■ **PROBLEM DESCRIPTION**:
Retype all data exactly as given. Pictures should not be retyped.

■ **DATA RECORDS**:

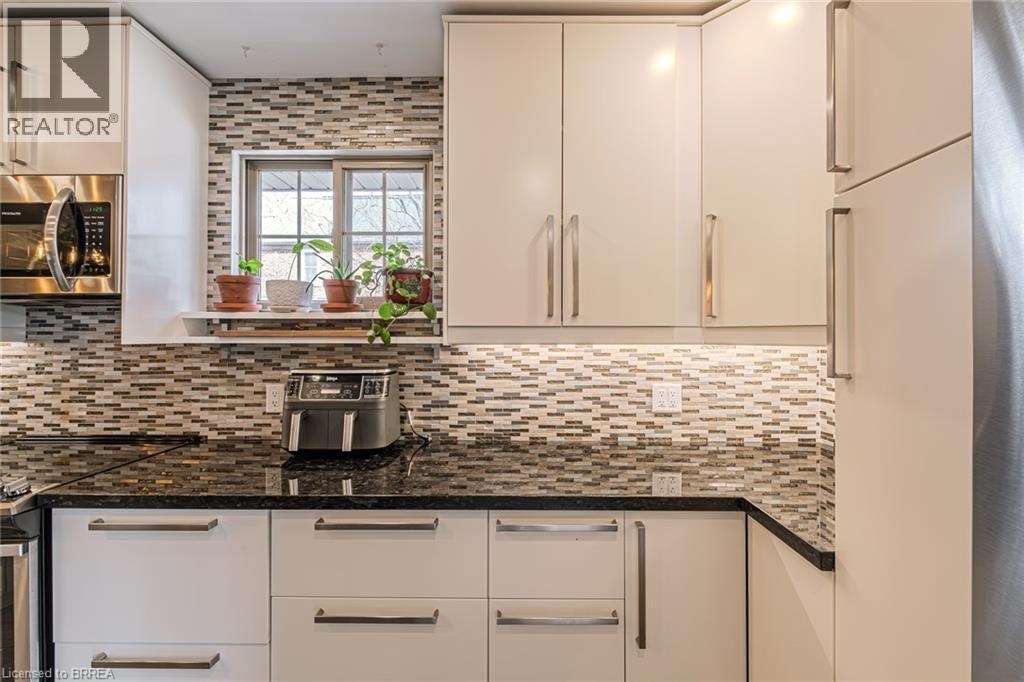 52 Amelia Street, Paris, ON - Indoor Photo Showing Kitchen With Upgraded Kitchen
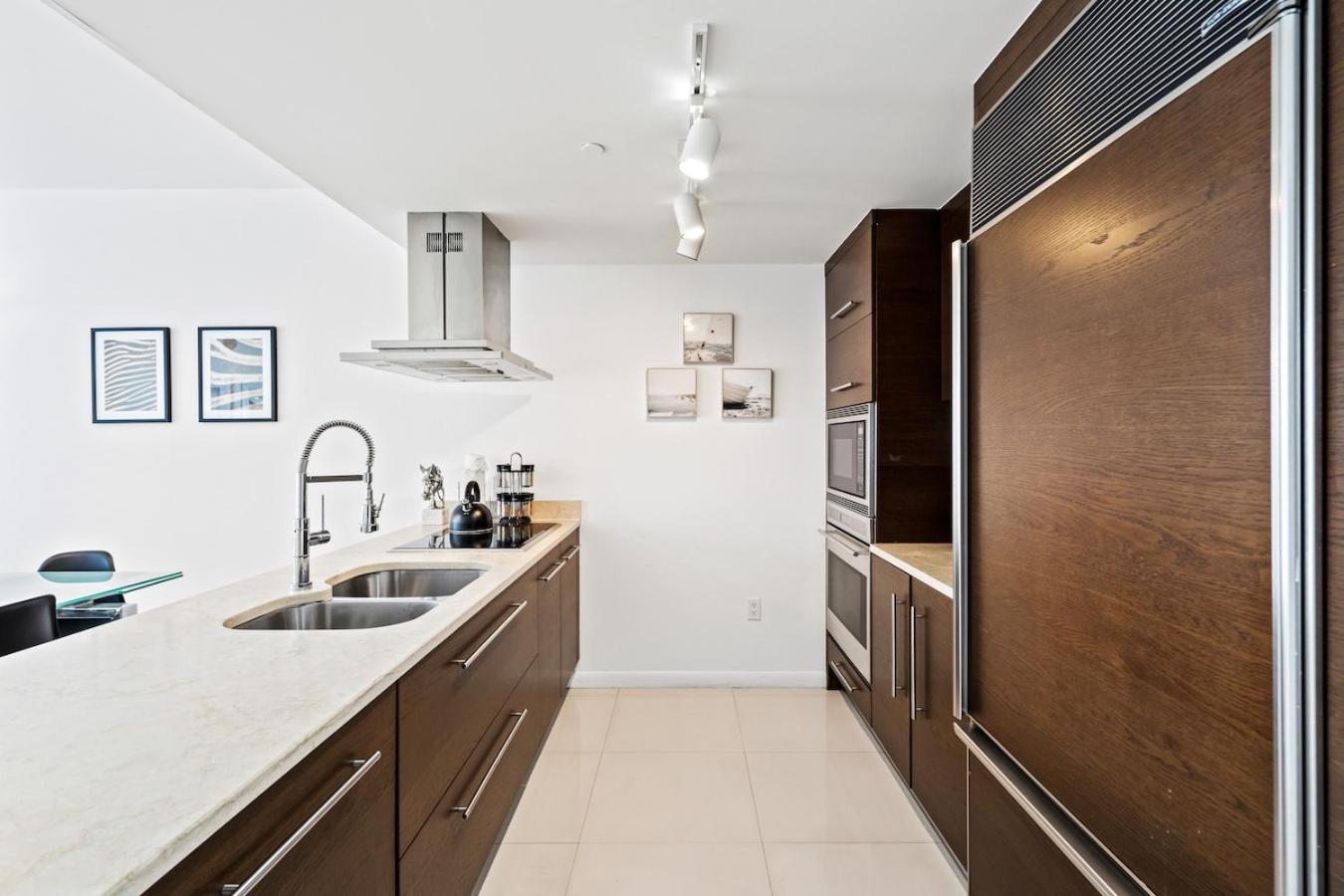 Modern High Rise One Bedroom At Icon Brickell Apartment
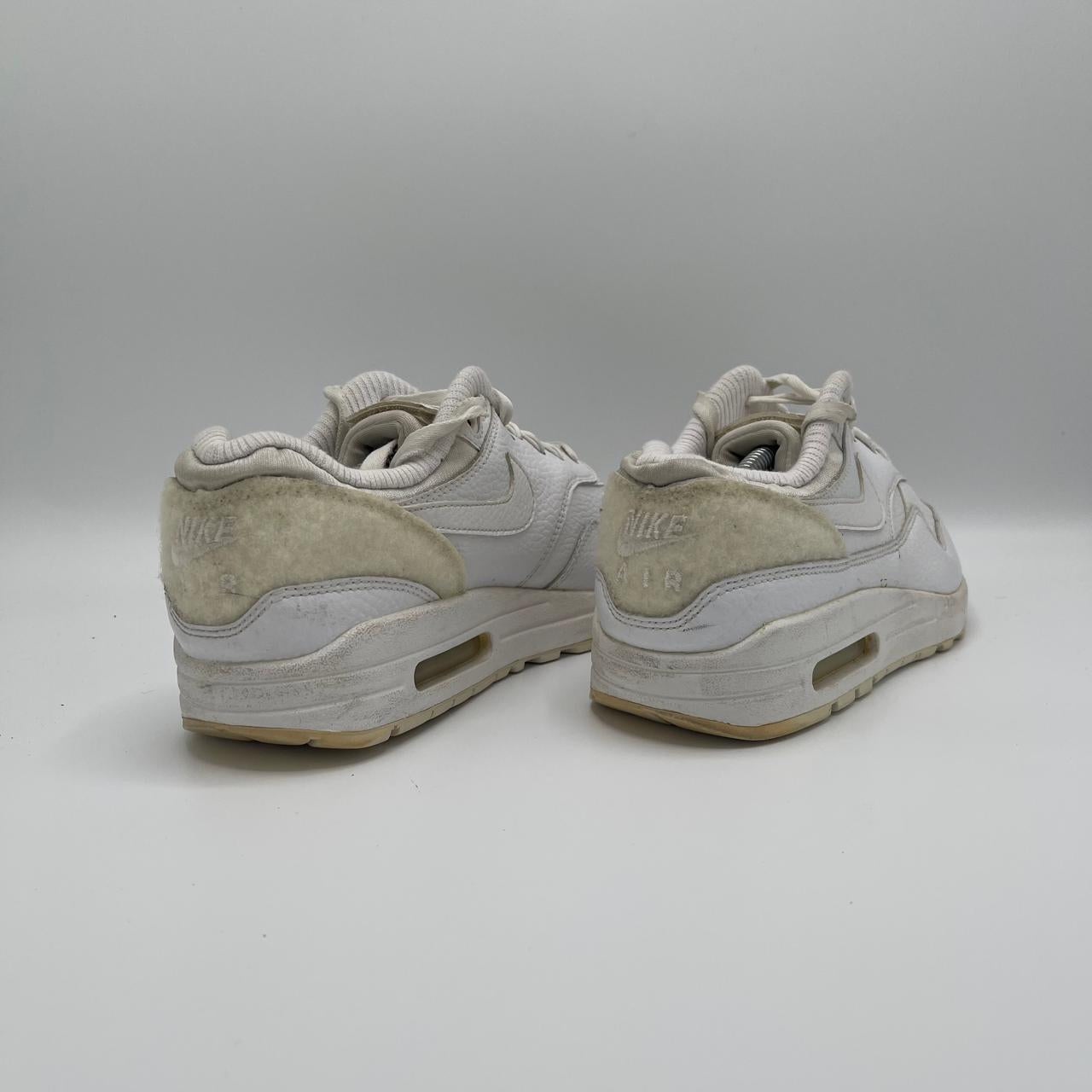 NIKE AIR MAX 1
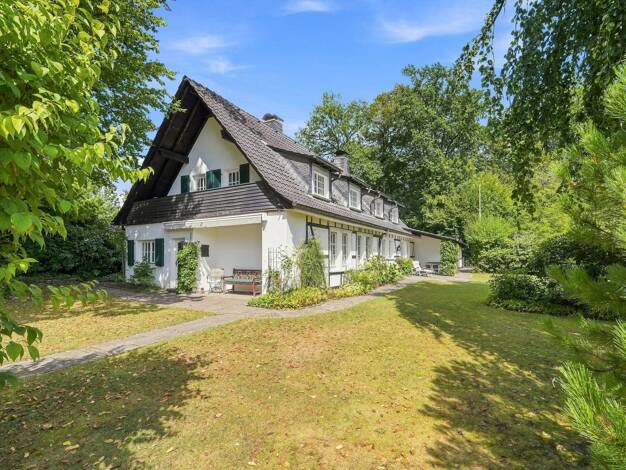 Einfamilienhaus zum Kauf 1.089.000 € 8 Zimmer 213 m² 8.370 m² Grundstück Oberbantenberg Wiehl 51674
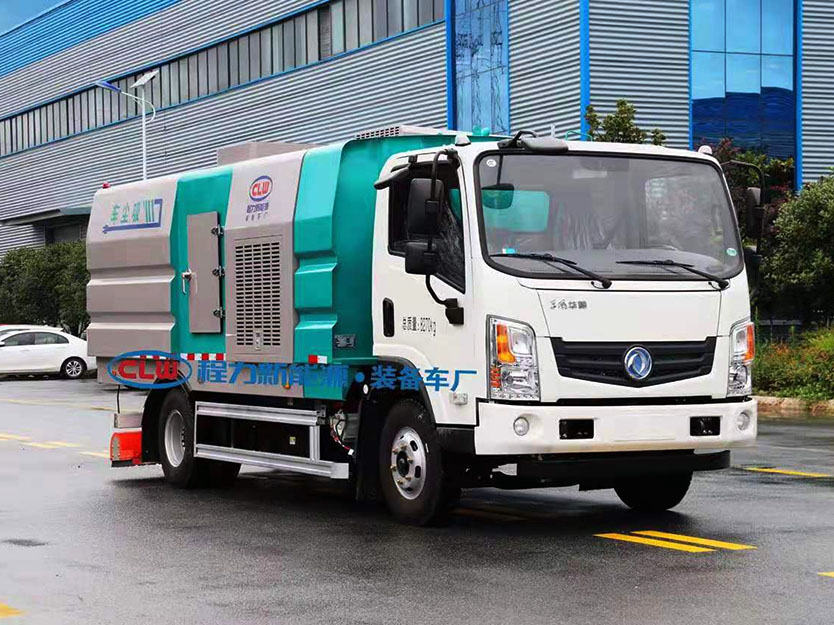 新能源純電動(dòng)?xùn)|風(fēng)華神5.5方吸塵車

■ **RESPONSE**:
 52 Amelia Street, Paris, ON - Indoor Photo Showing Kitchen With Upgraded Kitchen
 Modern High Rise One Bedroom At Icon Brickell Apartment
 NIKE AIR MAX 1
 Einfamilienhaus zum Kauf 1.089.000 € 8 Zimmer 213 m² 8.370 m² Grundstück Oberbantenberg Wiehl 51674
 新能源純電動(dòng)?xùn)|風(fēng)華神5.5方吸塵車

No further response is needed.